Assert that required annotation fields are declared in the VCF header.

Checks both INFO and FORMAT fields via vcf.contains.

Parameters:
  • vcf (cyvcf2.VCF) – Opened VCF object.

  • annotations (list of str, optional) – Annotation field IDs to verify. Default is ["PL", "AD"].

Raises:

AssertionError – If any field ID in annotations is not declared in the VCF header.

pGermlinePoly.io.create_germline_anno(vcf, **kwargs)[source]

Extract per-site germline heterozygote log-likelihoods from a germline VCF.

Iterates over biallelic SNPs, reads the AD FORMAT field of the first sample (assumed to be the germline sample), computes Phred-scaled genotype likelihoods via geno_loglik, and returns the heterozygote PL value (index 1) for each site.

Parameters:
  • vcf (cyvcf2.VCF) – Opened VCF with an “AD” FORMAT field.

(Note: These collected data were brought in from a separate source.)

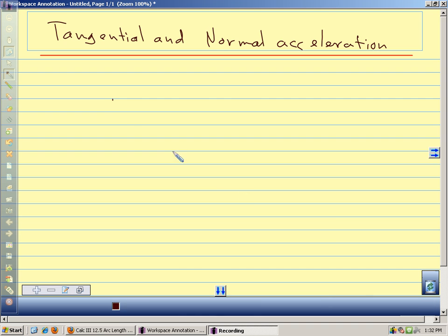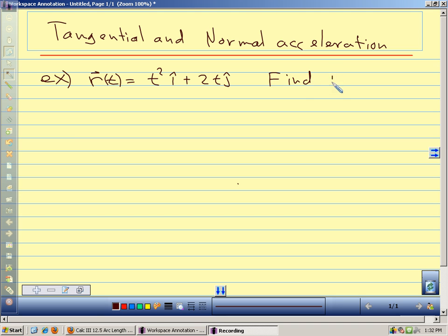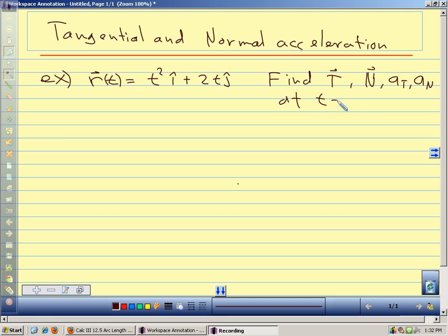We're going to do some calculations with the tangential and normal components of acceleration, some examples. For this example, we have r(t) = t²i + 2tj, and we want to find our unit tangent vector, our principal unit normal, our tangential component of acceleration, and our normal component of acceleration at t = 1.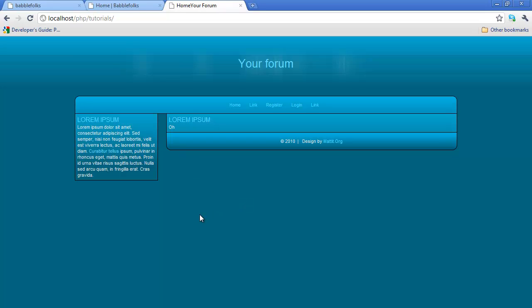I'm going to stop here. I know we didn't really get too much finished here, but in the next one we'll have register finished and login started. Don't forget to check back for the source code and template and everything. Bye.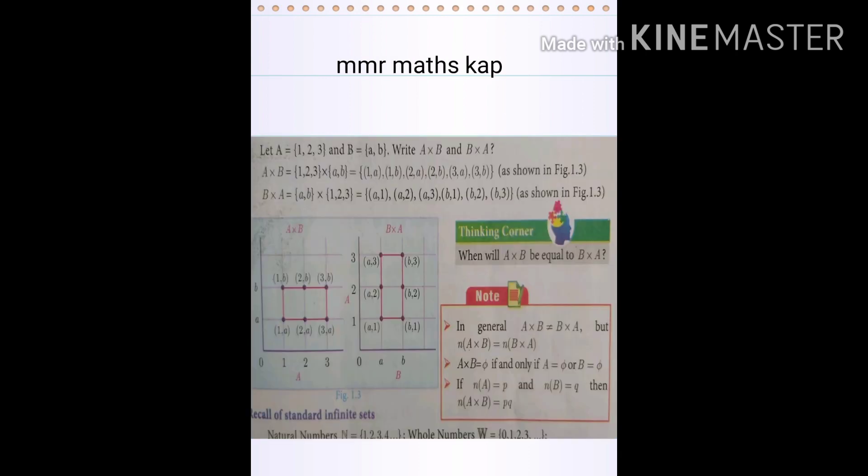The Cartesian product is also referred to as the cross product.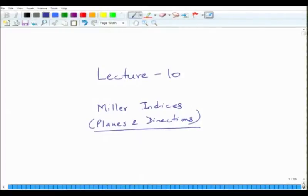This is the start of a new lecture — lecture 10 — which is on Miller indices, planes and directions in crystals.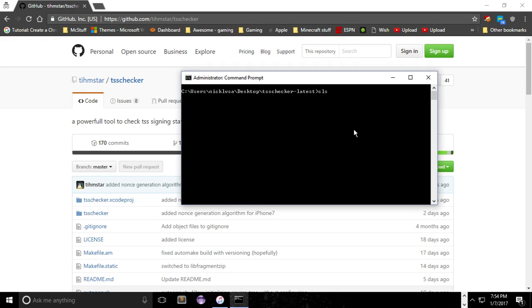Hey guys, what's going on? It is Nick LVSA back from Team Tech, and I'm going to be showing you how to save your SHSH blobs on iOS 10.2. Now, this is just for the people that accidentally updated to 10.2, like me.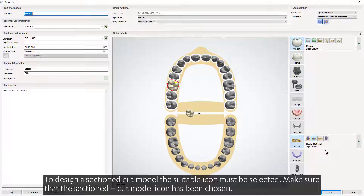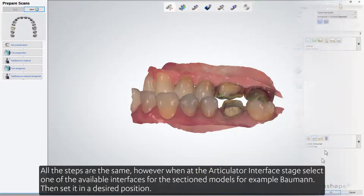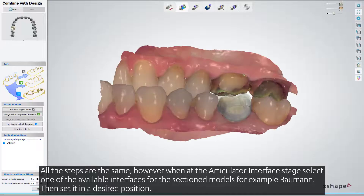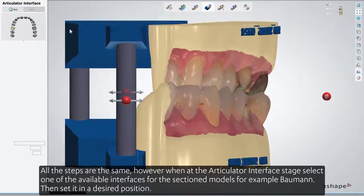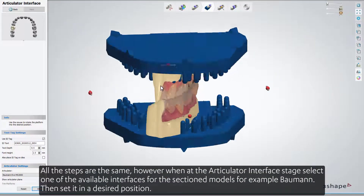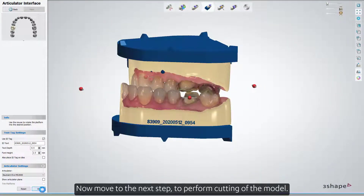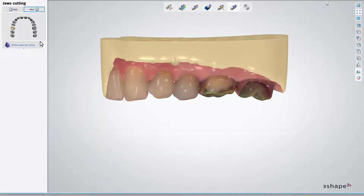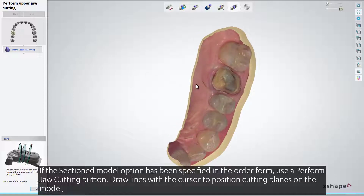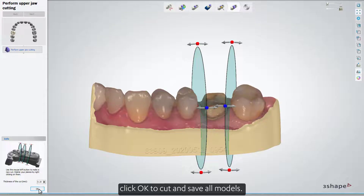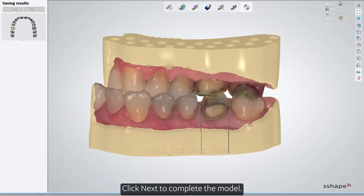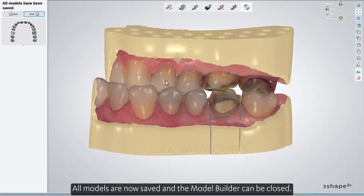To design a Sectioned Cut Model, make sure that the Sectioned Cut Model icon has been selected. All the steps are the same; however, at the Articulator Interface stage, select one of the available interfaces for the Sectioned Models — for example, Bauman — then set it in the desired position. Move to the next step to perform cutting of the model. If the Sectioned Model option has been specified in the order form, use the Perform Jaw Cutting button. Draw lines with the cursor to position cutting planes on the model. Click OK to cut and save all models, then click Next to complete the model. All models are now saved and the Model Builder can be closed.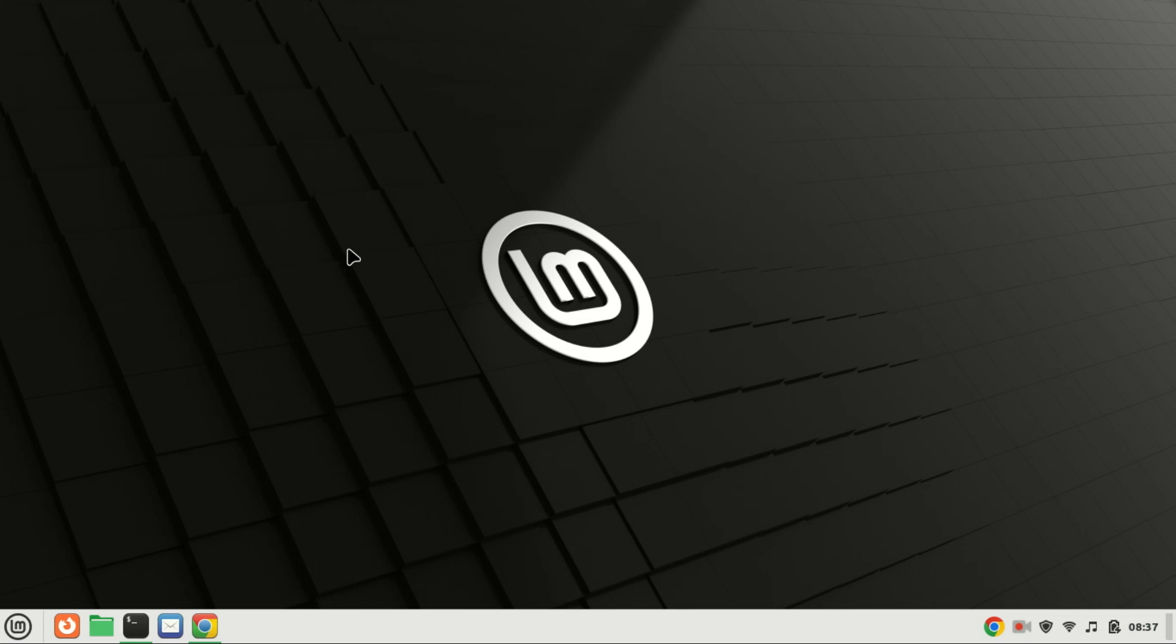we're diving into how to install the Apache web server on Ubuntu 22.04 and 24.04. Whether you're setting up a web server for the first time or looking to upgrade your skills, this tutorial has got you covered. Let's get started.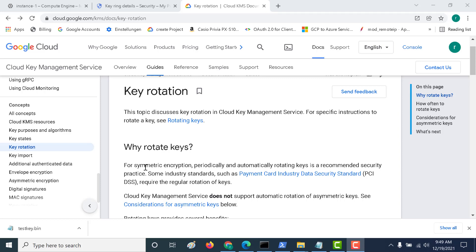Let's talk about key rotation. In GCP, if you're using symmetric encryption, you can periodically and automatically rotate your keys and create new versions. Certain industry standards such as PCI DSS — the Payment Card Industry Data Security Standard — require that you mandatorily rotate your keys. Currently, GCP provides rotation only for symmetric keys.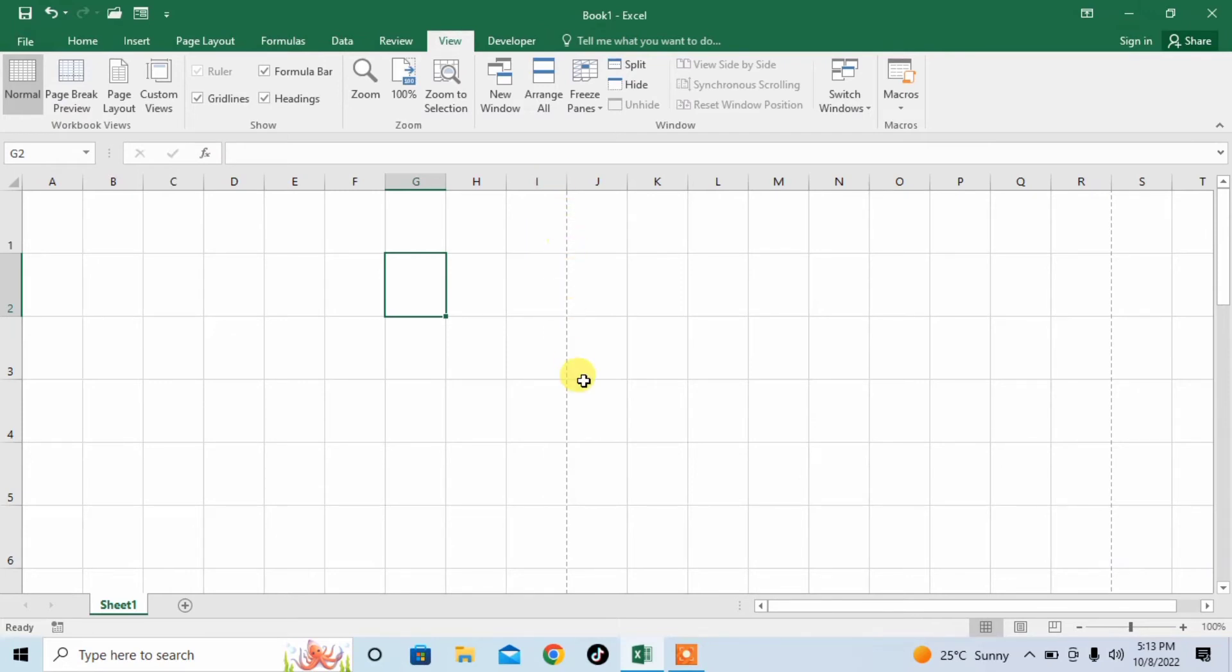The problem is the dotted line. We have to remove this dotted line. This dotted line is because of the page breaks. So, how can I remove these dotted lines?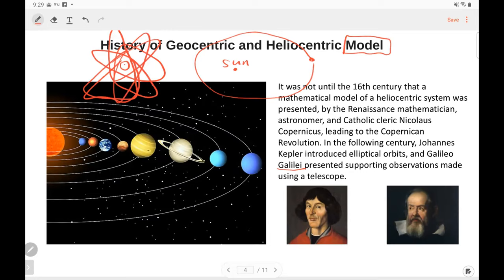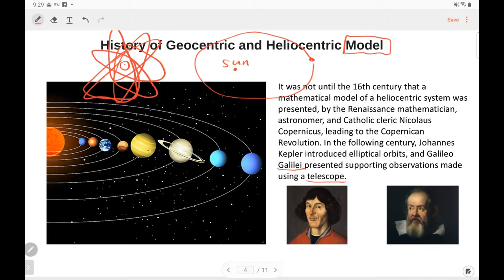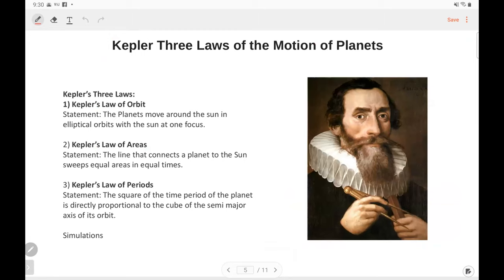Until Galileo invented the telescope. When he used the telescope to watch the planets, he found the orbits of the planets were circles. After several years, his student Kepler used observations with the telescope, did a lot of observations and statistics to calculate the semi-axis of the orbit and the period of the planets, and also the distance from the sun to the planet. Eventually, he got three statements, which we call Kepler's three laws of the motion of the planet.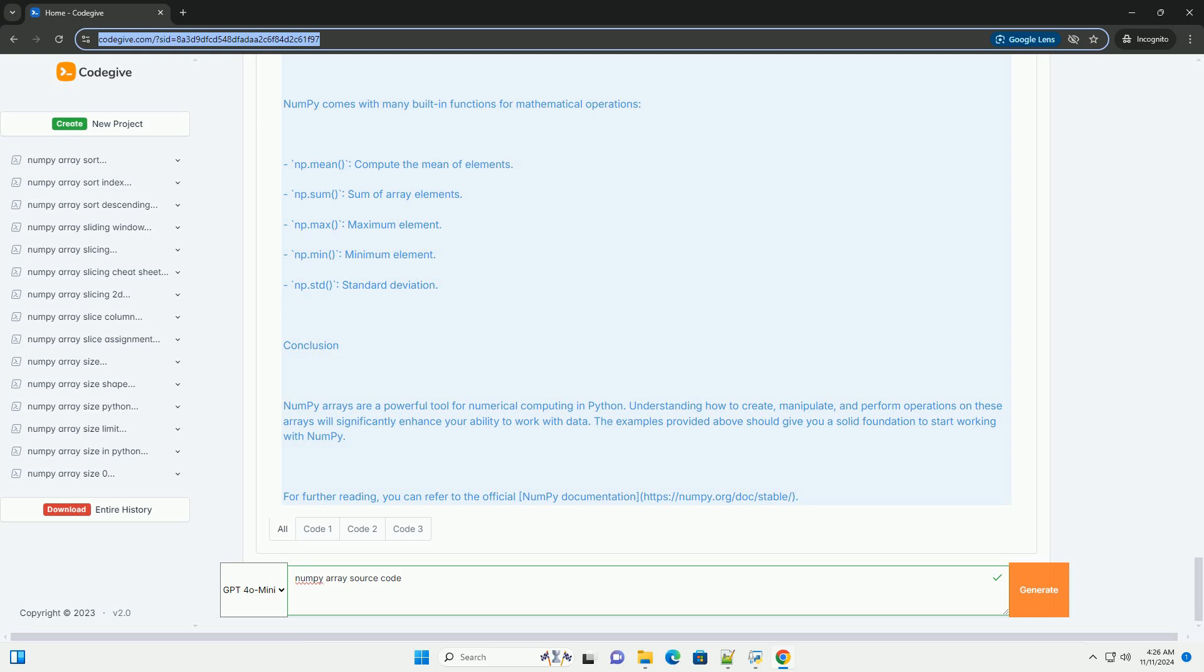Common NumPy functions: NumPy comes with many built-in functions for mathematical operations. np.mean: compute the mean of elements. np.sum: sum of array elements. np.max: maximum element. np.min: minimum element. np.std: standard deviation.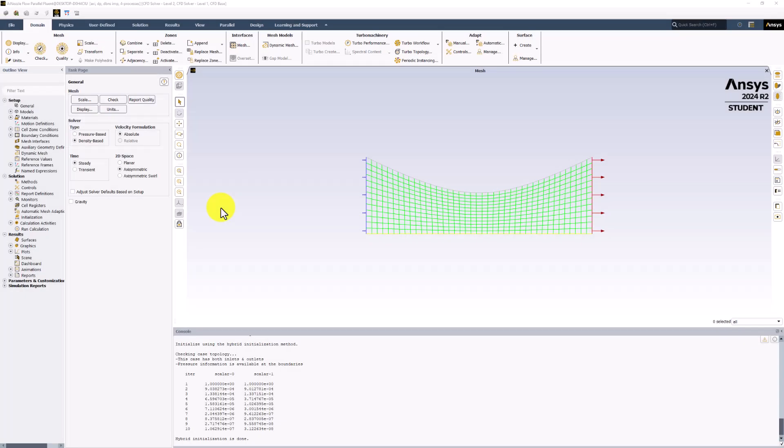Since the algebraic equations generated by the solver are non-linear, they must be solved iteratively to get the cell center values of the primary unknowns.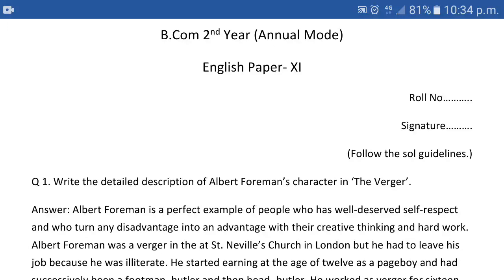Hello students, good evening, welcome to my channel. In this video you will get the full answer of the assignment question of BCom second year annual mode English paper. This is Paper 11 and you will get a poor answer, but please stick with me till the end and watch the full video, otherwise you will miss a lot of important details in between.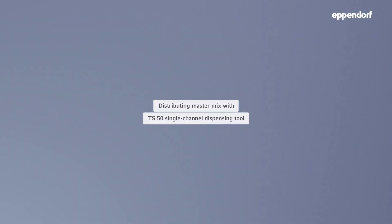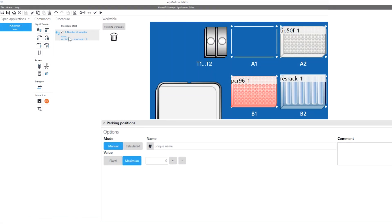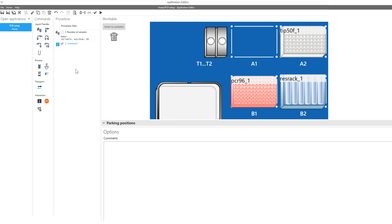Programming a method to set up a PCR reaction is easy. It typically starts with the distribution of the master mix from a reservoir vessel into a PCR plate. You then define the total number of PCR reactions you would like to set up using the number of samples command. You can add an optional comment command to indicate the purpose of the following liquid transfer command.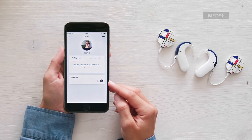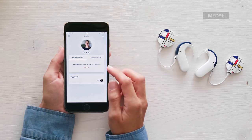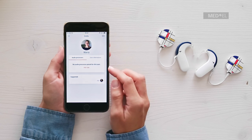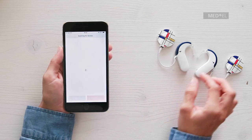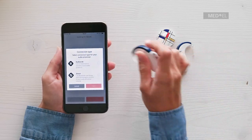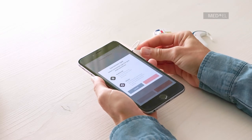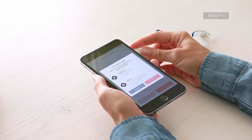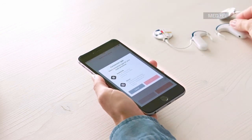To become a guardian, first pair the processors you want to control. Go to your profile and tap Pair Now. Select the connection type and tap Next. The audio processor will pair automatically to AudioKey.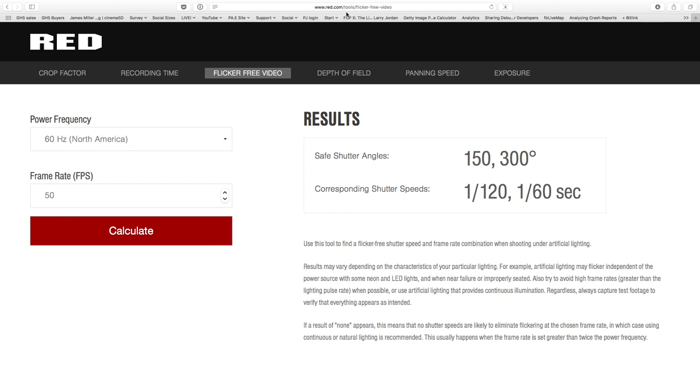This resource — red.com/tools/flicker-free-video — is your friend for this. It's magic because you're looking at a scene with flicker, you punch in your settings, get the angle, and done. And of course, if you're shooting with the same settings all the time, you won't need to calculate it — you'll remember 177 degree is the shutter to be at.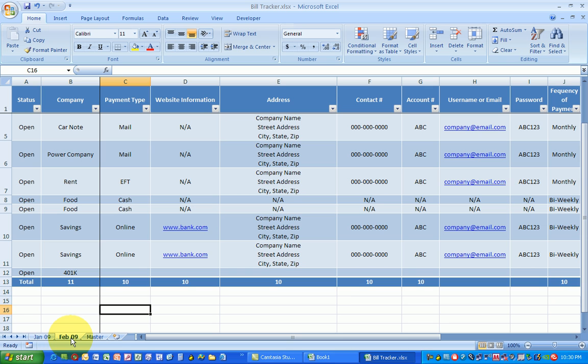You know, one of the best things about this is at the end of the year, you have a complete record of where you spent your money. Did you like what I showed you today? Well, great. Remember, you can get it for free. Just go to www.missrevenda.com. Click on free lessons.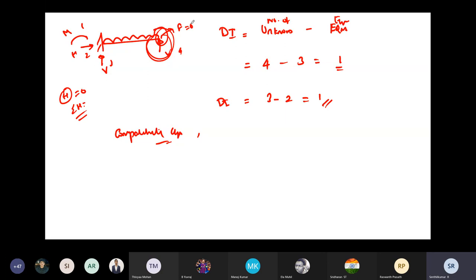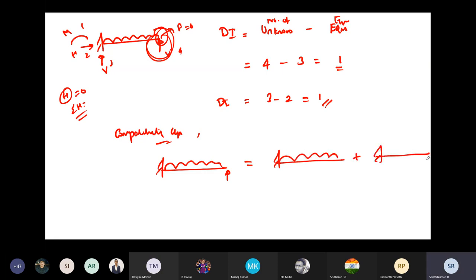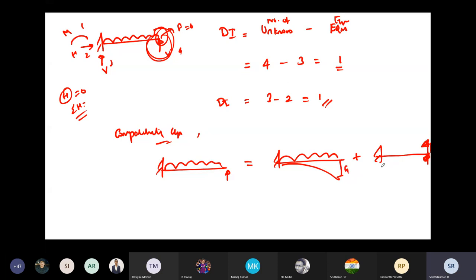Why are we putting the prop? To make delta equal to zero — the deflection at that support should be zero. We superimposed two beams: a cantilever with UDL plus a cantilever with a point load (the prop reaction R_B) acting upward at the free end. Setting delta₁ equal to delta₂, we found the reaction R_B.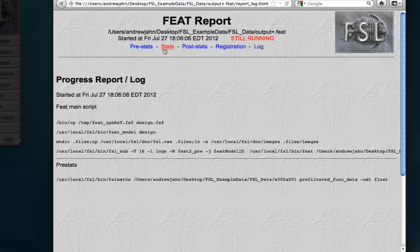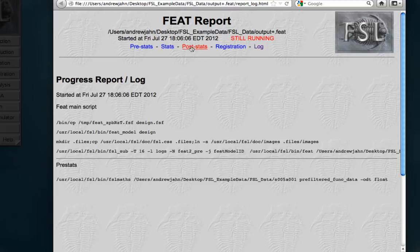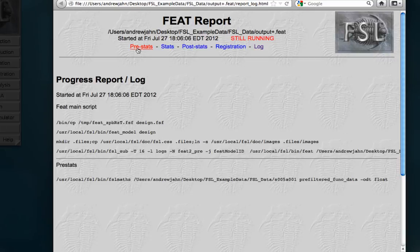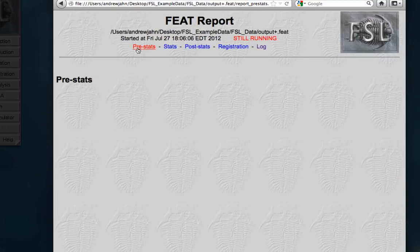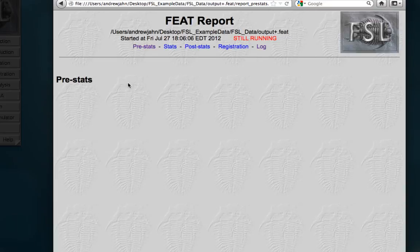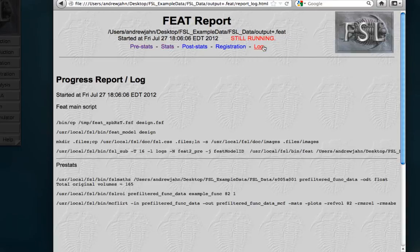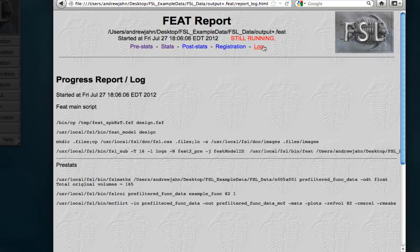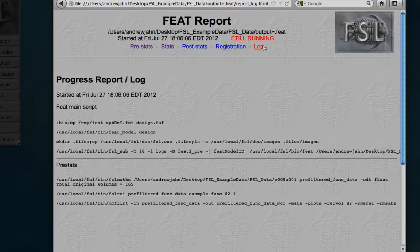We have Pre-stats, Stats, Post-stats, and Registration. All right, now it says still running, so it's still crunching through some numbers, but after each step is completed, you can click on these tabs, and you'll see some results. Now, we don't have anything yet, so it's going to say not run, so all we need to do is sit back and wait for the analysis to finish.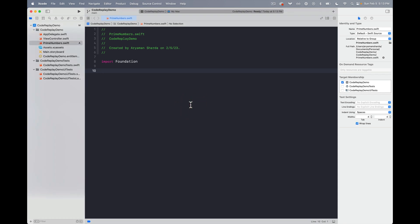Welcome to a quick demo of Code Replay for Xcode. Today we're going to show you how this app makes it easier to write blog posts and record programming tutorials, so let's go ahead and get started.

The first sample is treated as the germline reference.

  • **kwargs – Additional keyword arguments forwarded to geno_loglik (e.g., q).

Returns:

Heterozygote genotype log-likelihoods for each biallelic SNP, shape (M,), dtype float64.

Return type:

numpy.ndarray

Raises:

AssertionError – If the VCF does not contain the “AD” FORMAT field.

pGermlinePoly.io.create_anno(vcf, annotations=[])[source]

Extract INFO annotation values for all variants in a VCF.

Iterates over all variants, collecting the requested INFO field values for biallelic SNPs. Non-SNP or multiallelic sites receive NaN for all requested annotations.

Parameters:
  • vcf (cyvcf2.VCF) – Opened VCF object.

  • annotations (list of str, optional) – INFO field IDs to extract. Default is an empty list.

Returns:

Annotation matrix of shape (N, len(annotations)), where N is the total number of variants iterated.

Return type:

numpy.ndarray

pGermlinePoly.io.create_read_matrix(vcf)[source]

Build a read-count matrix from the AD FORMAT field of a clonal VCF.

Iterates over all variants. For biallelic SNPs the allele depth (AD) matrix is stacked; non-SNP or multiallelic records are represented as rows of zeros.

Parameters:

vcf (cyvcf2.VCF) – Opened VCF object containing an “AD” FORMAT field with at least two samples (clones).

Returns:

Integer read-count array of shape (M, J, 2), where M is the number of variants, J is the number of samples, and the last dimension holds [ref_reads, alt_reads] per sample.

Return type:

numpy.ndarray

Raises:

AssertionError – If the VCF does not contain the “AD” FORMAT field or has fewer than two samples.